Nos palcos, atores ucranianos descrevem a vida sob a ocupação russa

Durante a apresentação, os artistas entoam os mesmos slogans utilizados em manifestações

Kherson's Mykola Kulish - SERGEI SUPINSKYAFP

Sentados em cadeiras, um grupo de homens e mulheres vestidos com camisas pretas e calças jeans descrevem suas vidas sob a ocupação russa em Kherson, cidade no sul da Ucrânia.

Os membros da companhia Mykola Kulich contam sua experiência pessoal em um espetáculo chamado "É (im)possível ficar", apresentado em Kiev e em outras cidades ucranianas.

"Graças a Deus, muitos ucranianos, muitas cidades ucranianas não viveram isso tudo, mas queremos lhes contar nossa história", diz o diretor do grupo, Oleksandr Knyga.

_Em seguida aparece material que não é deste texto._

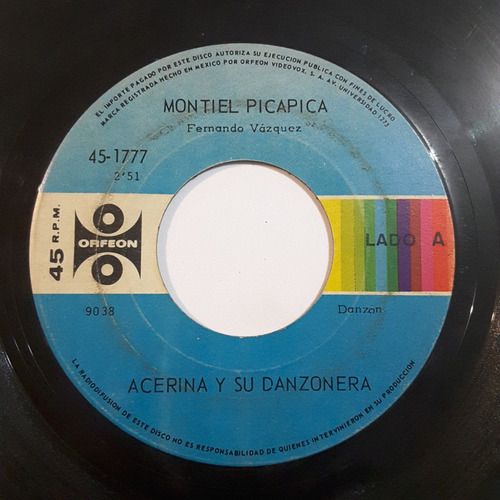 Acerina Y Su Danzonera - Montiel Picapica - Sencillo 7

Ao fundo do palco, uma tela projetada mostra caminhões militares russos chegando à cidade. Uma coluna de fumaça preta sobe ao céu enquanto soldados de Moscou hasteiam a bandeira de seu país.

Kherson esteve sob ocupação russa durante oito meses em 2022. Durante este período, moradores da região organizaram mobilizações contra os invasores, que em algumas ocasiões atiraram ao ar para dispersá-los. Todo este cenário é contado na peça.

Apesar da Ucrânia ter recuperado o controle da cidade, a região continua sendo alvo de bombardeios de Moscou, o que coloca em jogo a apresentação de encerramento no teatro local.

"As palavras não conseguem expressar tudo o que vivemos", conta Serguéi Myjailovski, um dos atores, o que viveu mais tempo sob a ocupação. No total, foram 214 dias.

De acordo com ele, o objetivo do espetáculo é fazer com que os ucranianos que vivem em áreas menos atingidas pelo conflito "entendam que a guerra existe e está aí, para que ninguém a esqueça".

Durante a apresentação, os artistas entoam os mesmos slogans utilizados em manifestações: "venha para casa enquanto está vivo!", "Kherson é a Ucrânia!".

Rimma Kirsanova, outra atriz, diz que "todos em Kherson achavam impossível não ir aos protestos".

"Milhares de habitantes de Kherson [reunidos] na praça tentavam expulsar os fascistas dos tempos modernos", relembra Myjailovski.

A situação piorou em março de 2022, quando as tropas russas começaram a usar granadas para deter os manifestantes.

"Ir aos protestos se tornou perigoso para nossas vidas", disse o ator Ruslan Vychnyvetski.

"Fiquei petrificada"
Durante a peça, os atores também descrevem os esforços que tiveram que fazer para fugir da cidade, passando por postos de controle e correndo o risco constante de serem baleados.

Vychnyvetski decidiu fugir do local com sua família em setembro de 2022, quando Moscou anunciou a organização de um referendo para anexar a região de Kherson à Rússia.

No percurso, estiveram na mira de armas e tiveram seus celulares inspecionados por soldados russos, ocasião na qual os militares encontraram uma foto em que o casal estava em um protesto segurando uma faixa onde se lia "Kherson é a Ucrânia".

"Eu não tinha medo do que eles poderiam fazer conosco, eu só tinha medo por nosso filho", diz a esposa de Vychnyvetski, atriz Ievguenia Kirsanova. "Eu não chorei, só fiquei petrificada", diz ela.

A família só conseguiu fugir na quinta tentativa.

No final da apresentação, o público aplaude os atores. E, como outros espectadores, Natalia, uma jovem residente em Kiev, começa a chorar.